Oosthoek encyclopedie

Oosthoek's Uitgevers Mij. N.V (1916-1925)

Gepubliceerd op 24-01-2019

Honger

betekenis & definitie

Honger - Fames, de gewaarwording welke mensch en dier de behoefte aan nieuwen toevoer van vaste stoffen kenbaar maakt. Het hongergevoel als bloote eetlust treedt normaal in tegen den gewonen etenstijd en bestaat in een gevoel van leegte in de maag, welk gevoel waarschijnlijk door prikkels op sensibele zenuwen, in het bijzonder op de nervus vagus (zie HERSENZENUWEN), wordt teweeggebracht. Wordt de eetlust niet bevredigd, dan verdwijnt ze weldra weer, om tegen den volgenden etenstijd in sterker mate terug te keeren. Bij langer durend voedselgemis neemt de eetlust meer en meer het karakter van den eigelijken honger aan, en bij het leeg gevoel in de maag en in het overig spijsverteringstoestel komen onbestemde gewaarwordingen van weeheid en een algemeen zich onbehagelijk voelen.

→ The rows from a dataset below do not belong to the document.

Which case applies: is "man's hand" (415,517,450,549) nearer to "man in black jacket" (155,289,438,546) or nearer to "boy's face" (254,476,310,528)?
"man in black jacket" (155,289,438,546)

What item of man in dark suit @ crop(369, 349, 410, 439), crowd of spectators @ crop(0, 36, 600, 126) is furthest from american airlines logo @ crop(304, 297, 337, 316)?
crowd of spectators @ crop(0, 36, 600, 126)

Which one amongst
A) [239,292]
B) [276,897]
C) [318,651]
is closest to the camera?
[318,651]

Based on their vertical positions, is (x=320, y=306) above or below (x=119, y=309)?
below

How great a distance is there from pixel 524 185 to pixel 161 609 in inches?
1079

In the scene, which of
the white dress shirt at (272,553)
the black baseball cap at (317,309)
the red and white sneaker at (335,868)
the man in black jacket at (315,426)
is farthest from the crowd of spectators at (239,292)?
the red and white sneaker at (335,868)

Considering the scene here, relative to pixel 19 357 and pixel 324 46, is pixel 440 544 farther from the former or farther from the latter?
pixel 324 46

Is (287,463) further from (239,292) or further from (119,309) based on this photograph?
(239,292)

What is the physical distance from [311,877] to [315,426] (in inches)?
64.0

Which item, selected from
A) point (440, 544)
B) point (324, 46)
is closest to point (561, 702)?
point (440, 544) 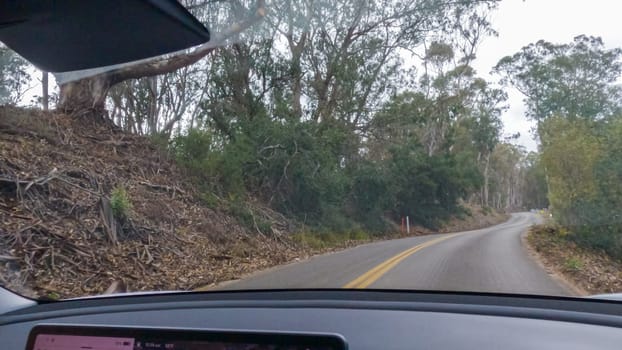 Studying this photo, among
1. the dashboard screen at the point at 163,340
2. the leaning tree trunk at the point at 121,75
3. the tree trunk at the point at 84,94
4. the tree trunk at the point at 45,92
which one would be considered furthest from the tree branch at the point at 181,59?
the dashboard screen at the point at 163,340

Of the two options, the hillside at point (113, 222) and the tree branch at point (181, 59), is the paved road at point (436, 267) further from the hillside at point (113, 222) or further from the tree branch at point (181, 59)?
the tree branch at point (181, 59)

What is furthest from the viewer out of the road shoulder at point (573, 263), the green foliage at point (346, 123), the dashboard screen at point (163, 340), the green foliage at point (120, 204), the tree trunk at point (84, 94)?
the green foliage at point (120, 204)

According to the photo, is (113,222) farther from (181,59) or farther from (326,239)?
(326,239)

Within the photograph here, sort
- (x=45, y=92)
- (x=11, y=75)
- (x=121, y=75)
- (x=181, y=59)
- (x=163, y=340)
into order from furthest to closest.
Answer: (x=45, y=92)
(x=121, y=75)
(x=181, y=59)
(x=11, y=75)
(x=163, y=340)

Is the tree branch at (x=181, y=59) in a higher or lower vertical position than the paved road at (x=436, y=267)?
higher

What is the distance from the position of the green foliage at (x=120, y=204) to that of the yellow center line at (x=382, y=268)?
3.04 meters

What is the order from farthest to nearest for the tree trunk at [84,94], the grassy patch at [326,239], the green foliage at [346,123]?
the grassy patch at [326,239] < the tree trunk at [84,94] < the green foliage at [346,123]

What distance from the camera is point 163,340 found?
244 centimetres

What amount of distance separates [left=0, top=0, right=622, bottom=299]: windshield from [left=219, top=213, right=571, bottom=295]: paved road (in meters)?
0.03

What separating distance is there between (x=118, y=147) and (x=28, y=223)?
6.60 feet

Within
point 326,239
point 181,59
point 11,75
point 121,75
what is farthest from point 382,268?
point 11,75

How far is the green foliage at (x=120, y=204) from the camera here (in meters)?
6.25

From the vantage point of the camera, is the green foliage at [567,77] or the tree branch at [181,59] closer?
the green foliage at [567,77]

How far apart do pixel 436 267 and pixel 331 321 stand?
233cm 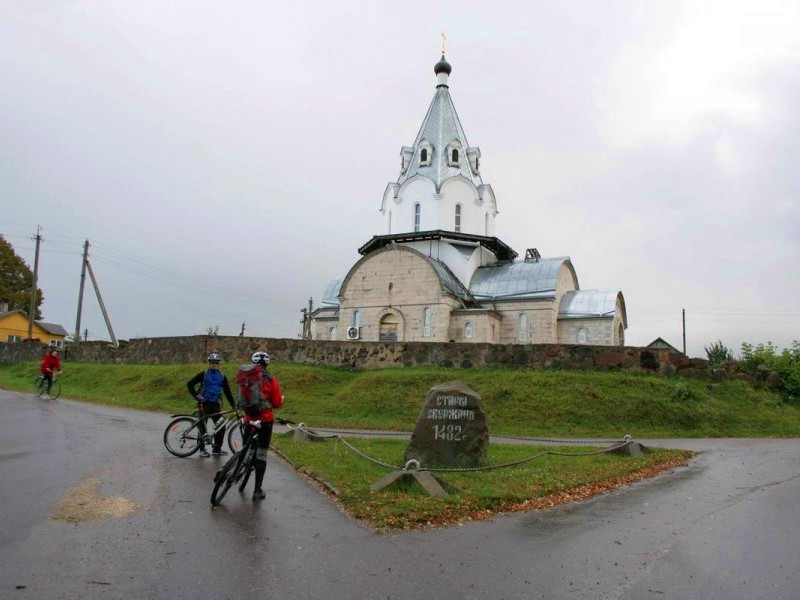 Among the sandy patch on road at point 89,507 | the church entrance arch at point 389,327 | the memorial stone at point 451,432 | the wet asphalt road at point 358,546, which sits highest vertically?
the church entrance arch at point 389,327

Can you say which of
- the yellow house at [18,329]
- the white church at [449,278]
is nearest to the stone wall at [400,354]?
the white church at [449,278]

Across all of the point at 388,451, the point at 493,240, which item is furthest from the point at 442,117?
the point at 388,451

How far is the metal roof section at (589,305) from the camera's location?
3544 cm

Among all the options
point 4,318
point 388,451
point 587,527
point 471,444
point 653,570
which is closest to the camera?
→ point 653,570

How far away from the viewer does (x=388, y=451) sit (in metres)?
12.0

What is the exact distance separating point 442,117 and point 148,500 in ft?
118

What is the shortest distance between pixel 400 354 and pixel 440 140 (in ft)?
63.0

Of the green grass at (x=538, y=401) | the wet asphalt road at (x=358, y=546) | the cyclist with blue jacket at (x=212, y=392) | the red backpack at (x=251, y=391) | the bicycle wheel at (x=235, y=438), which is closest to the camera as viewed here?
the wet asphalt road at (x=358, y=546)

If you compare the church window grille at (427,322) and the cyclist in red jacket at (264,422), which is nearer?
the cyclist in red jacket at (264,422)

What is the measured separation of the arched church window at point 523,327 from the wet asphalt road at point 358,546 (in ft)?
84.0

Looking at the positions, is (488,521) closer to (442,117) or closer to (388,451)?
(388,451)

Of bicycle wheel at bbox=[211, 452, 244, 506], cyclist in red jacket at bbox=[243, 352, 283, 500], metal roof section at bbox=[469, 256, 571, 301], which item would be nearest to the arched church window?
metal roof section at bbox=[469, 256, 571, 301]

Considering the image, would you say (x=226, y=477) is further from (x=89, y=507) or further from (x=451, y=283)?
(x=451, y=283)

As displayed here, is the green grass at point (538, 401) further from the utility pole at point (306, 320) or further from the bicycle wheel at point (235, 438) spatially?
the utility pole at point (306, 320) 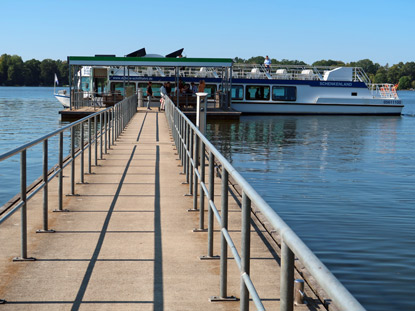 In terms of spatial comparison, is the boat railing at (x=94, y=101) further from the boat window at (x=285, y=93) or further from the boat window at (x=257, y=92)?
the boat window at (x=285, y=93)

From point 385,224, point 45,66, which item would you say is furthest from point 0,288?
point 45,66

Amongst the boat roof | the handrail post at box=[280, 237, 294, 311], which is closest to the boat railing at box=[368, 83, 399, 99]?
the boat roof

De sterkte van het hongergevoel is individueel zeer verschillend; bij den eenen mensch veroorzaakt het slechts een korten toestand van lichte onbehagelijkheid, bij anderen gaat het gepaard met heftige maag- en hoofdpijnen, bij sommigen heeft het zelfs zware psychische stoornissen, delirium, tengevolge. Zulke menschen bezwijken spoedig (sterven den hongerdood), terwijl bij de anderen het hongergevoel allengs volkomen verdwijnt, om plaats te maken voor een gevoel van groote zwakte en krachteloosheid; ten slotte treden bezwijmingen en langdurige bewusteloosheid op, en het leven vliedt bijna onmerkbaar heen. — De tijd, dien de mensch of een dier zonder voedsel leven kan, is zeer verschillend en hangt bij de soorten nog grootendeels af van het individueele weerstandsvermogen. Koudbloedige dieren kunnen veel langer zonder eten dan warmbloedige; watersalamanders en schildpadden bijv. kunnen jarenlang alle voedsel ontberen, terwijl vogels slechts 5—28 dagen, honden 25—86 dagen zonder spijs en drank kunnen leven. Gezonde menschen kunnen het 7—14 dagen zonder eten uithouden. Bij alle organische wezens heeft het verhongeren een langzamer beloop en is veel minder smartelijk dan het verdorsten (zie DORST) en overvloedig drinken kan het vanhonger-omkomen aanzienlijk vertragen.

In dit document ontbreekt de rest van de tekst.